____ DATA SECTION

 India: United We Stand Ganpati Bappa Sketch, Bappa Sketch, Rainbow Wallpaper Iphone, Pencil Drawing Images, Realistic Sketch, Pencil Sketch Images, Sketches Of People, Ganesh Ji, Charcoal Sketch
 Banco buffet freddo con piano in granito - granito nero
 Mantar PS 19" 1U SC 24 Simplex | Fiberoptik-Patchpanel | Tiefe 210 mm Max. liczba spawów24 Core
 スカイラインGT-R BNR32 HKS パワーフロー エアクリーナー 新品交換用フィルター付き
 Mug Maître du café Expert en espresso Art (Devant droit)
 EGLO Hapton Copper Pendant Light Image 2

________
____ DATA SECTION

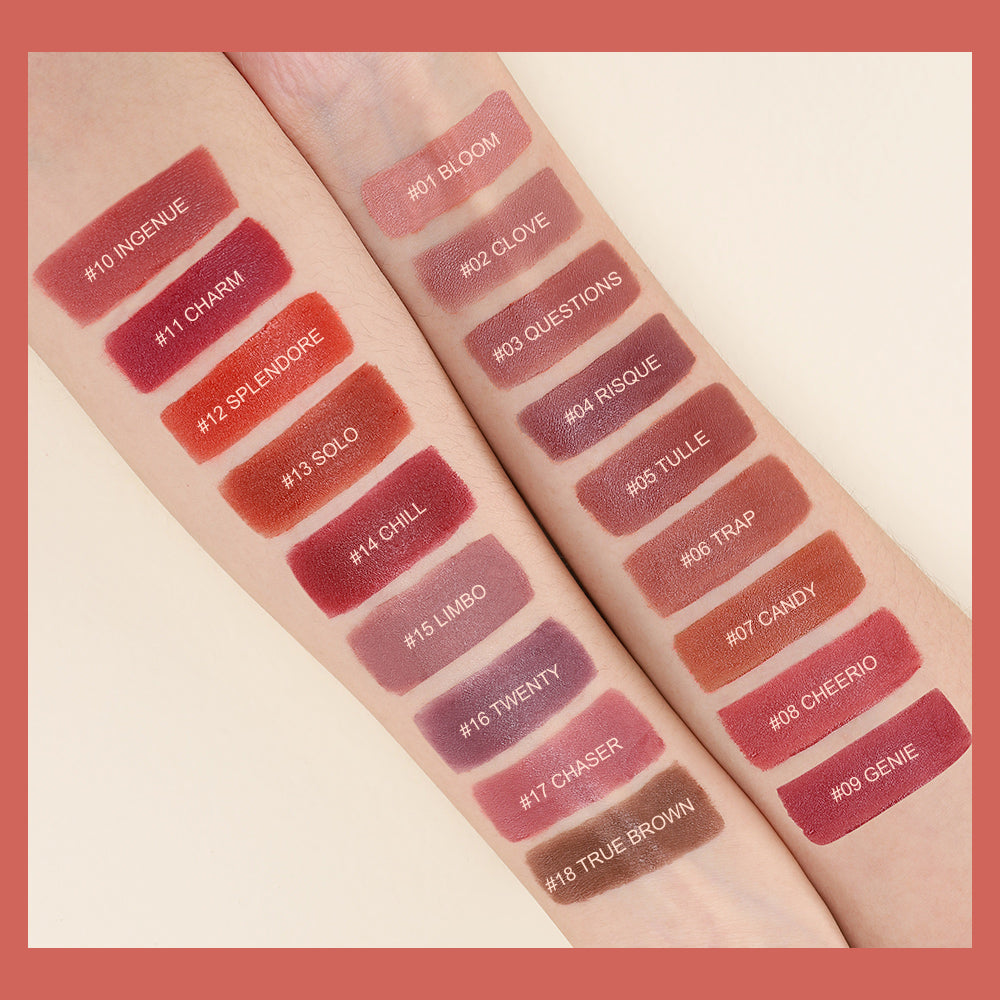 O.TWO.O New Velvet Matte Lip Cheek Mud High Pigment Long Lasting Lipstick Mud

________

EXERCISE BRIEF>
In the listing above, find the line holding "India: United We" and the line holding "EGLO Hapton Copper Pendant Light Image 2", then output those two lines and every line between them exactly.

ANSWER BOX>
 India: United We Stand Ganpati Bappa Sketch, Bappa Sketch, Rainbow Wallpaper Iphone, Pencil Drawing Images, Realistic Sketch, Pencil Sketch Images, Sketches Of People, Ganesh Ji, Charcoal Sketch
 Banco buffet freddo con piano in granito - granito nero
 Mantar PS 19" 1U SC 24 Simplex | Fiberoptik-Patchpanel | Tiefe 210 mm Max. liczba spawów24 Core
 スカイラインGT-R BNR32 HKS パワーフロー エアクリーナー 新品交換用フィルター付き
 Mug Maître du café Expert en espresso Art (Devant droit)
 EGLO Hapton Copper Pendant Light Image 2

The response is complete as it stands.